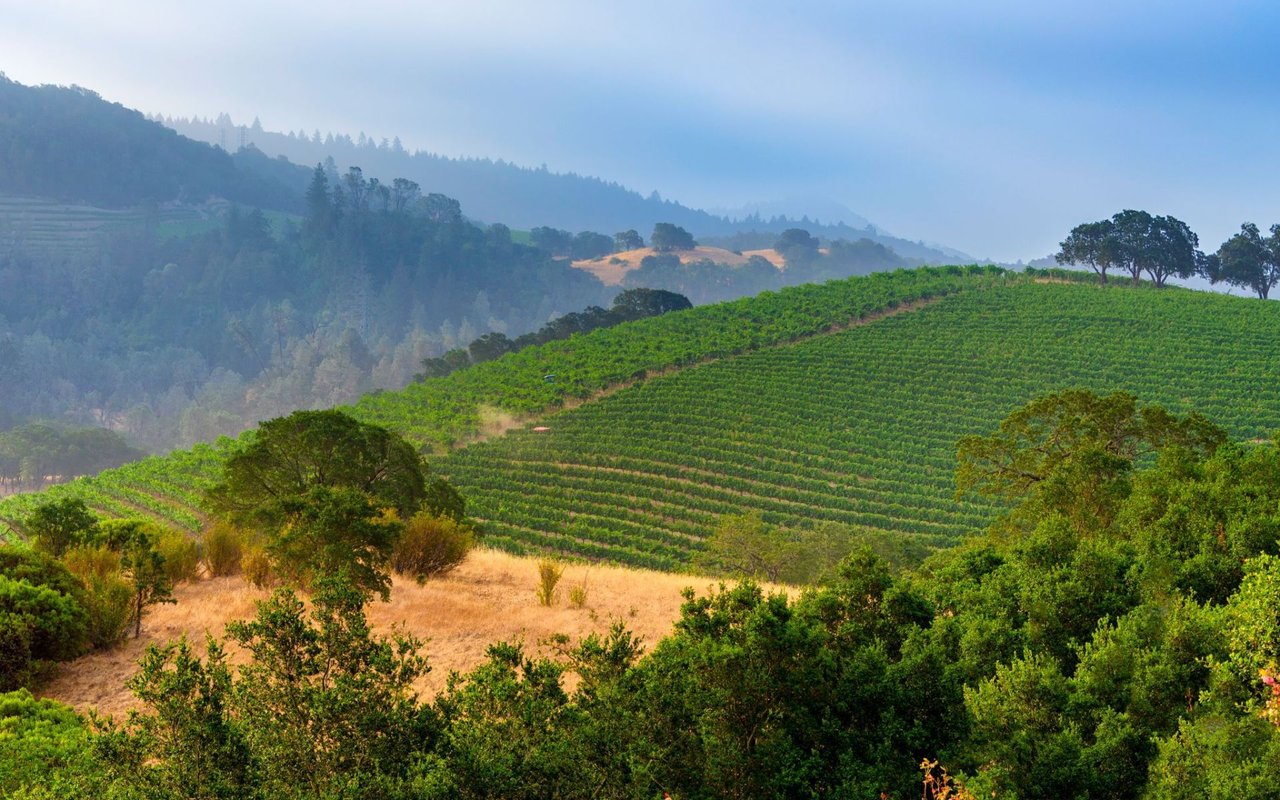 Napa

:::

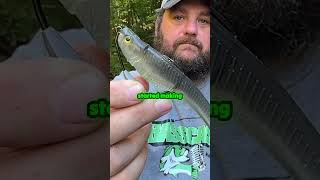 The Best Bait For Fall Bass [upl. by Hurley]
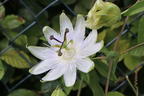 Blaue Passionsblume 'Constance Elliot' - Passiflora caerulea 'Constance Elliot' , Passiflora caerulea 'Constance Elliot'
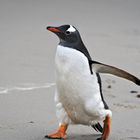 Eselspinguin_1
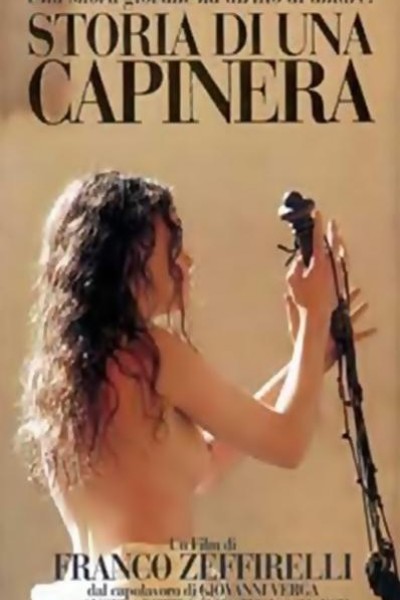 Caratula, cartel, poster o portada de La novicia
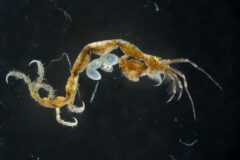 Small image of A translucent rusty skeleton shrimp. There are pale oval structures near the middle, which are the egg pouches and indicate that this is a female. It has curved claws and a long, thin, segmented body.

:::

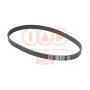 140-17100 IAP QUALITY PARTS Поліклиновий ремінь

:::

Your answer should be the lines above, word for word, from the line with "Eselspinguin_1" through the line with "Small image of", minus the pictures.

 Eselspinguin_1
 Caratula, cartel, poster o portada de La novicia
 Small image of A translucent rusty skeleton shrimp. There are pale oval structures near the middle, which are the egg pouches and indicate that this is a female. It has curved claws and a long, thin, segmented body.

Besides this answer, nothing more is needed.